They were at the center of a sampling scandal that made them the target of much vitriol in the music industry. Their use of Kevin Saunderson’s “The Sound” may have initially brought in negative attention, but fast forward one year, the issue has been cleared and many hit songs have since ensued. The Italian duo of Supernova has exploded and is hitting hard… their signature remix work now being laid on many House classics.
Let’s get this out of the way shall we? The first time my attention was drawn to you was with your song “Beat Me Back” – the scandal that ensued because of the sample from Kevin Saunderson, who blasted it out to the media.
One night after a gig in Milan, we came back to the studio to create something new. We began to hear sounds from an old school sample library we thought was all cleared and free and we found a loop that we really loved. We tried to play it over, giving it a different bpm and adding similar sounds on top in order to create something special. We loved the way it was matching with our groove and kept on arranging the track with our style.

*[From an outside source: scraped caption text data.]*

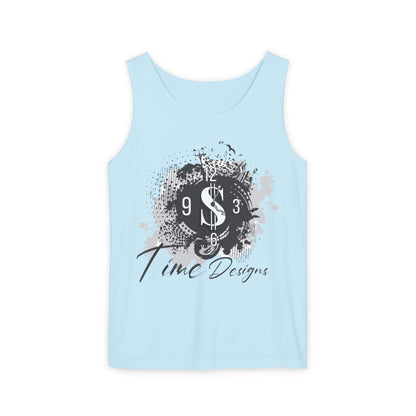 Unisex Garment-Dyed Tank Top with Time Designs - Casual Summer Wear, Beach Outfit, Gift for Friends, Vacation Essentials, Relaxed Style
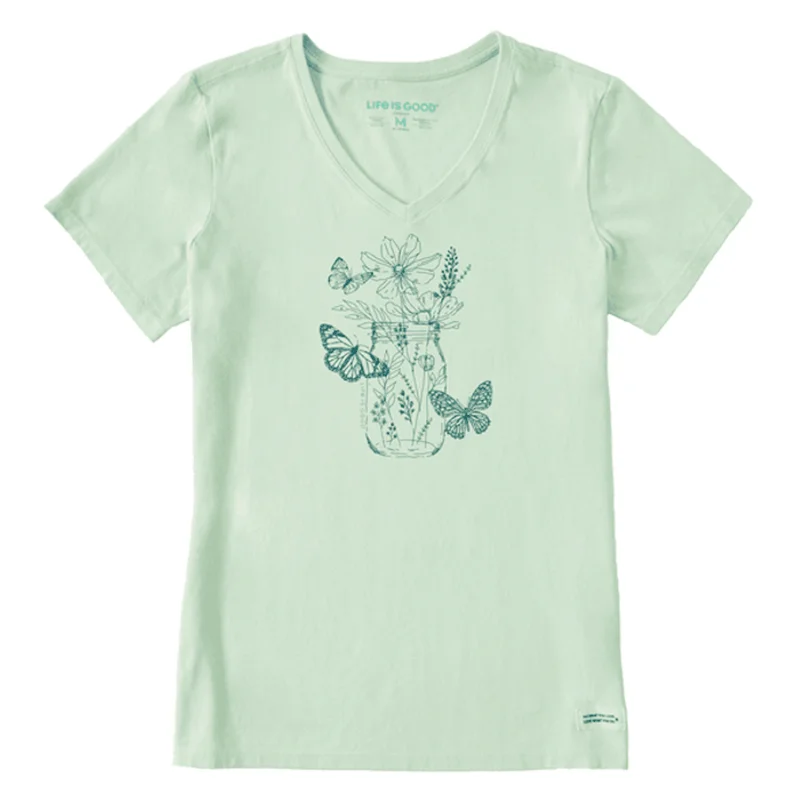 luxury short-sleeved men's clothingWomen's Wildflower and Butterflies Jar Crusher-LITE Vee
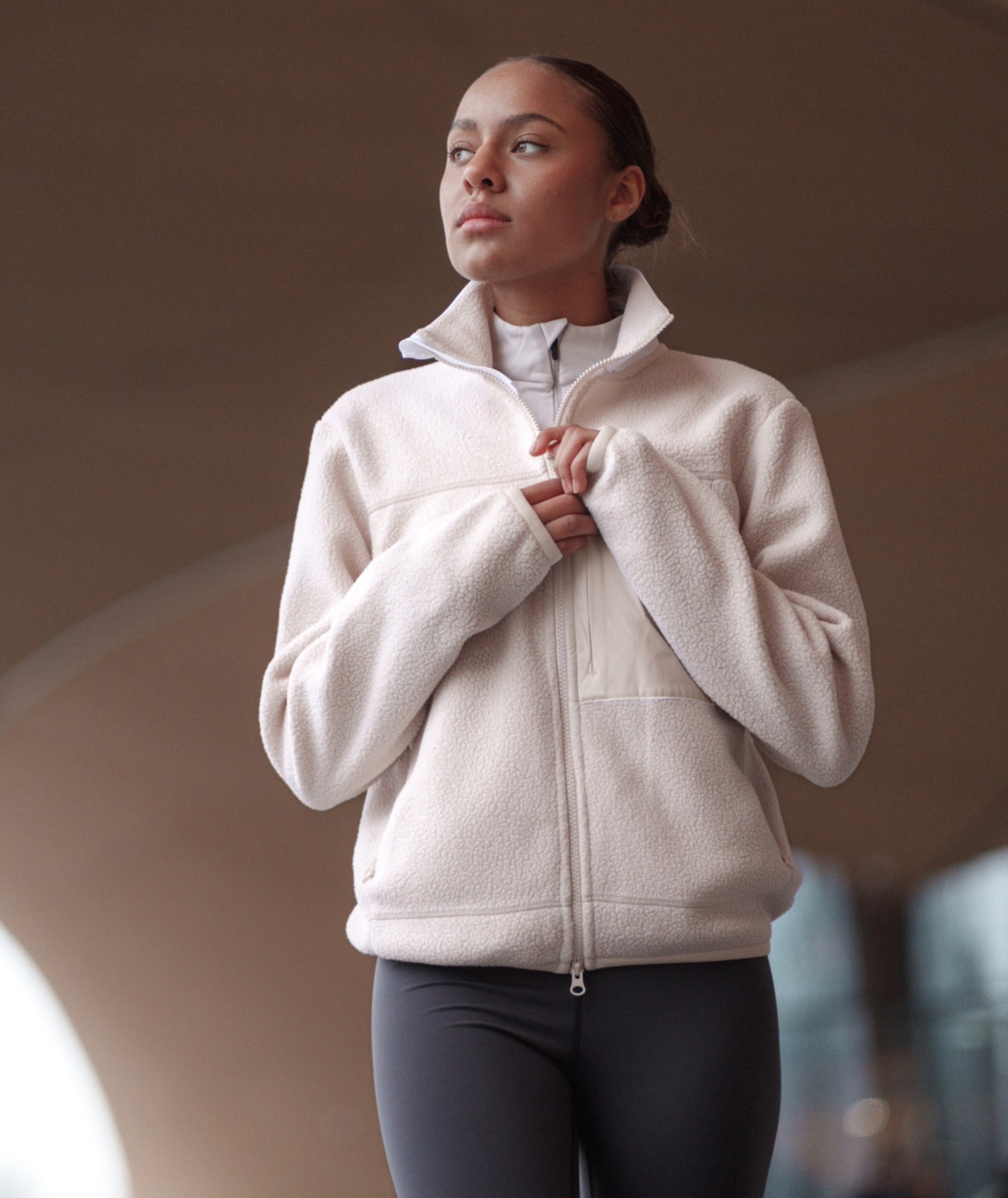 Gymnation Pile Jacket Unisex #color_off-white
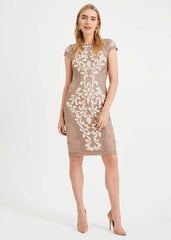 Perdy Tapework Lace Dress - Latte/Cream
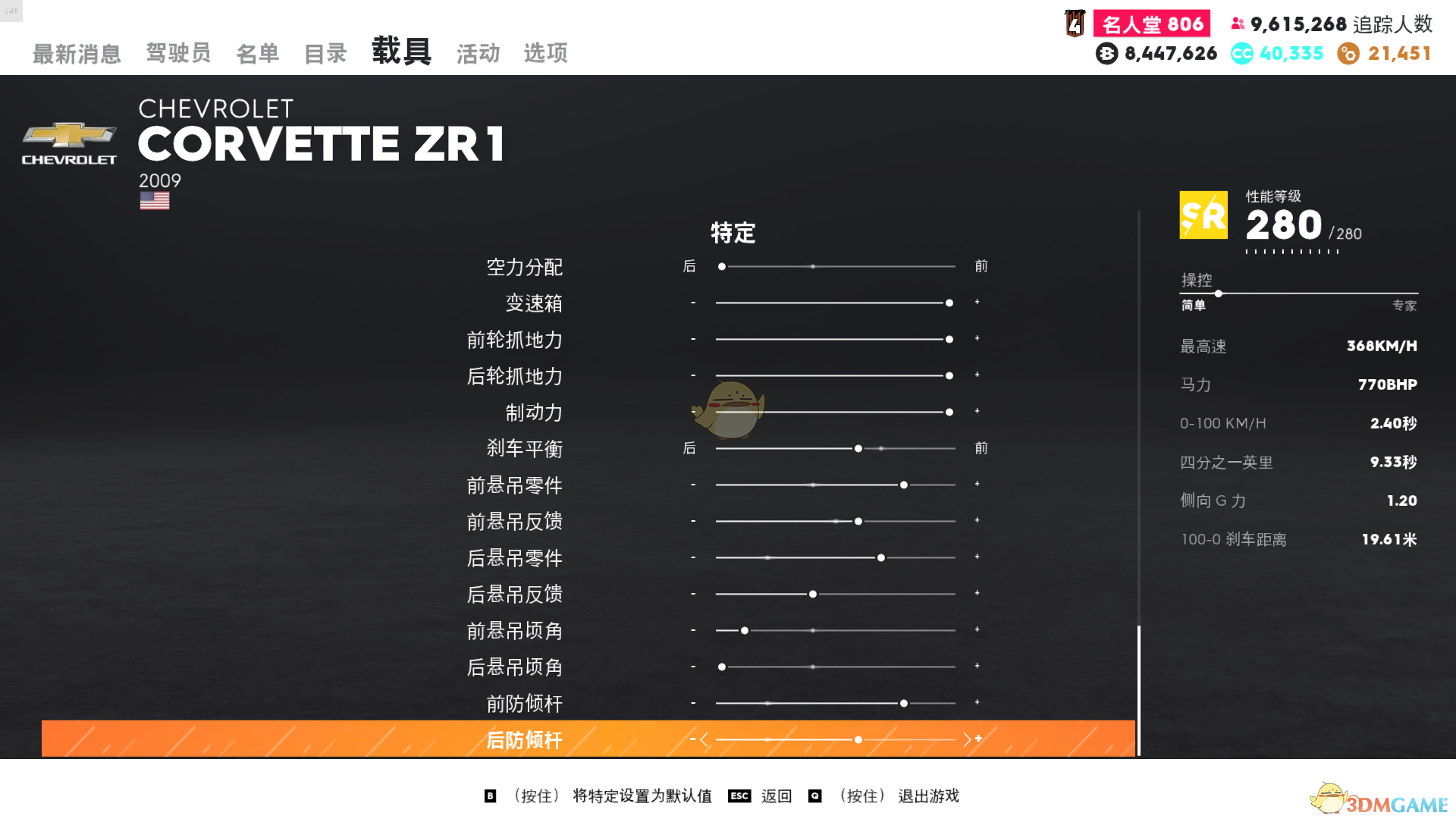 《飙酷车神2》柯尔维特ZR1走线风格调校指南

We called it “Beat Me Back” but we kept this track in our hard drive for five months, because we thought it would not be a potential hit. Then we decided to play this track for Rob Mirage, the owner of Nirvana Recordings. He loved “Beat Me Back”and took it.
The track soon climbed to #1 on the Beatport House chart and was included in many big artists’ charts. In a short time it became one of the most played tracks in the world. Two months after the release date, when the track was charted #1 for seven weeks, some friend informed us about Kevin Saunderson’s attack on his website. We were very surprised by his letter because we were in good faith and didn’t know his 23 year old track “The Sound”. We were disappointed too, as no one had previously contacted neither us nor Nirvana, giving us the chance to resolve it peacefully. These things happen very often in our business and it’s normal to resolve them by a simple email or a phone call.

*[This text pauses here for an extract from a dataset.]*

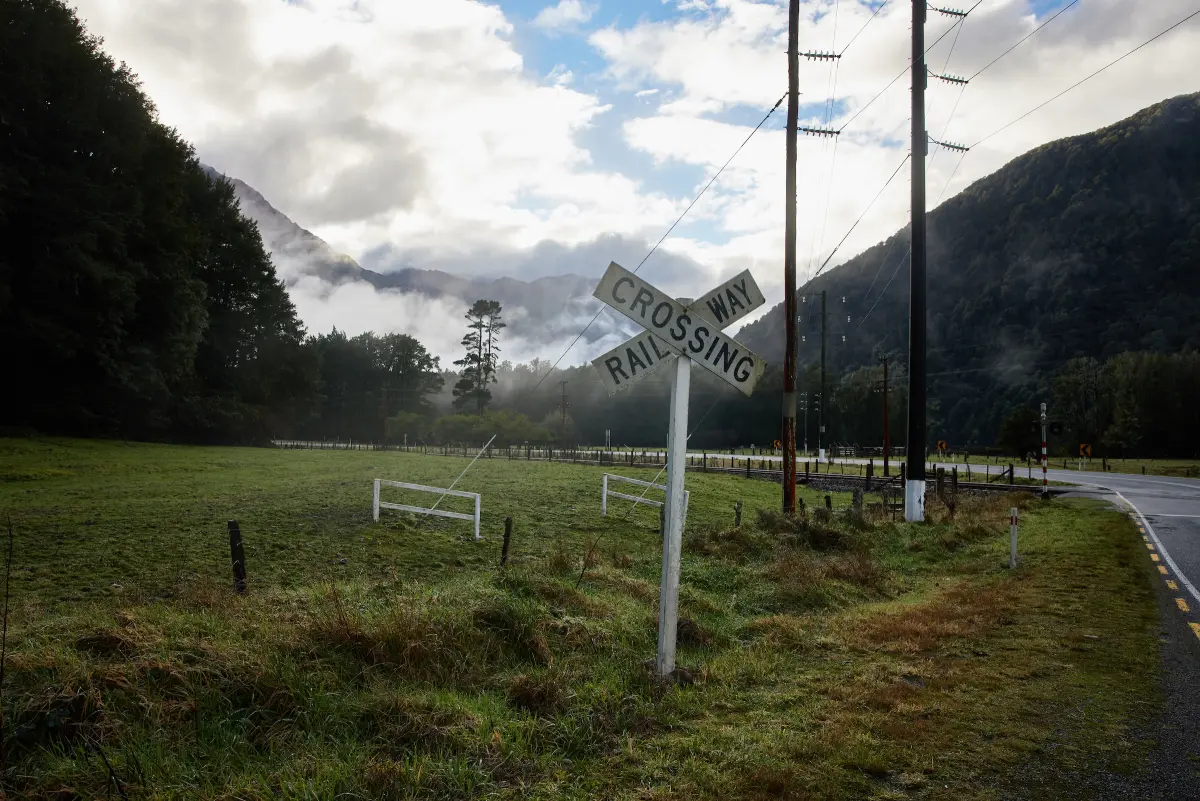 Level crossing sign in rural grassy area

We have definitely cleared up everything with Kevin and could not be happier with the outcome. Both sides are now in complete agreement and Kevin is now convinced of our good faith. He has even contacted us to say sorry about his attack, to our relief. He explained to us he had to do it this way because his music, especially this track, had been sampled many times by countless artists and he was really upset. With us being in contact, now there is mutual respect and we have also decided to collaborate in the near future on new projects together.
Has this incident changed in how you approach sampling?

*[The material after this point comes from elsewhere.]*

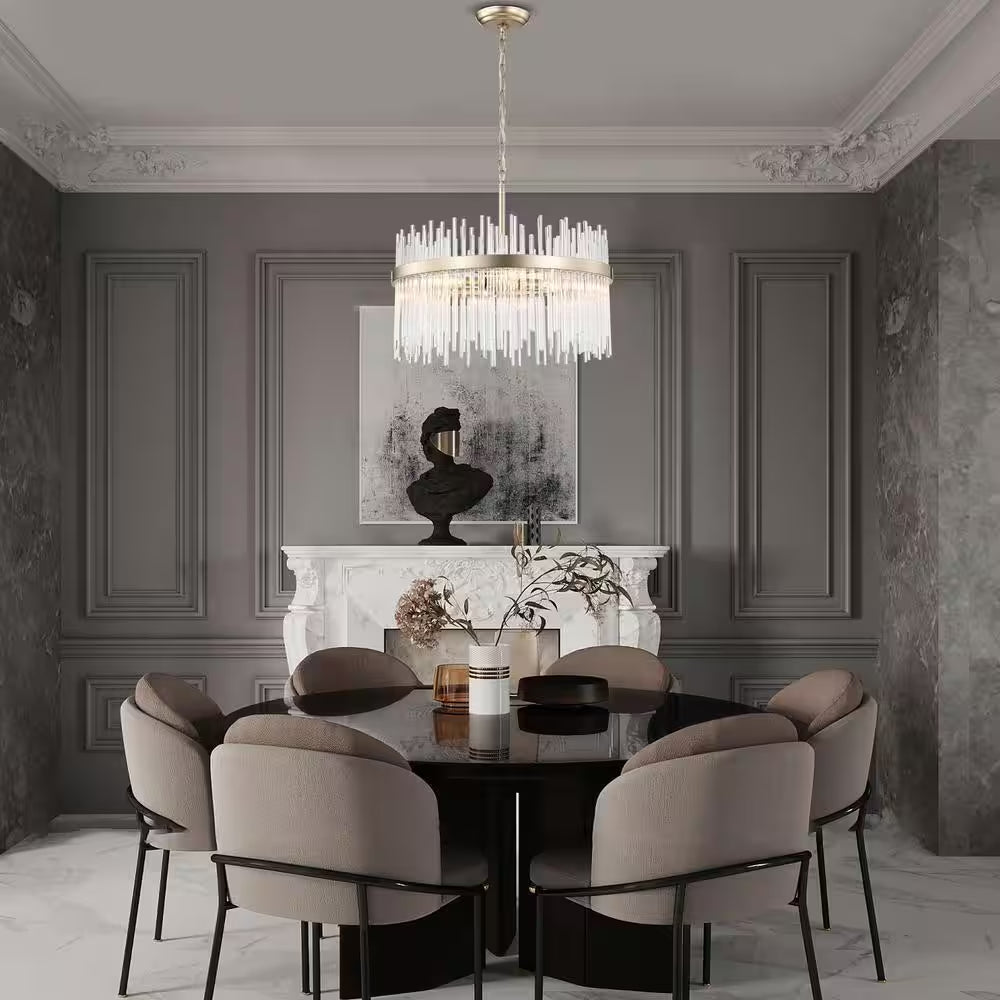 Hebe 19.7 In. Dia 5-Light Brushed Champagne Silver Clear Glass Bars Chandelier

We have not changed the way we work because we used to build our own sounds almost always. We didn’t know that it was a famous sample! Electronic music is full of sampling and these kind of things can happen when you play music for many years. House Music was born with the use of samples!
I take it your first big break was when Sony/BMG signed your album Downtown Underground in 2007, yes? How did you hook up with Grandmaster Melle Mel?
Downtown Underground is our second album after Afterbeach in 2003. Downtown Underground is definitely an important step in our career because we had the opportunity to work with big international artists and musicians. It’s an album that takes inspiration from the downtown underground New York scene under Dave Mancuso and Larry Levan. A friend of ours, an Italian rapper who lives in New York, knew Melle Mel and so we had the chance to record the single “That’s What I Like” together in the Big Apple. It was a very satisfying experience!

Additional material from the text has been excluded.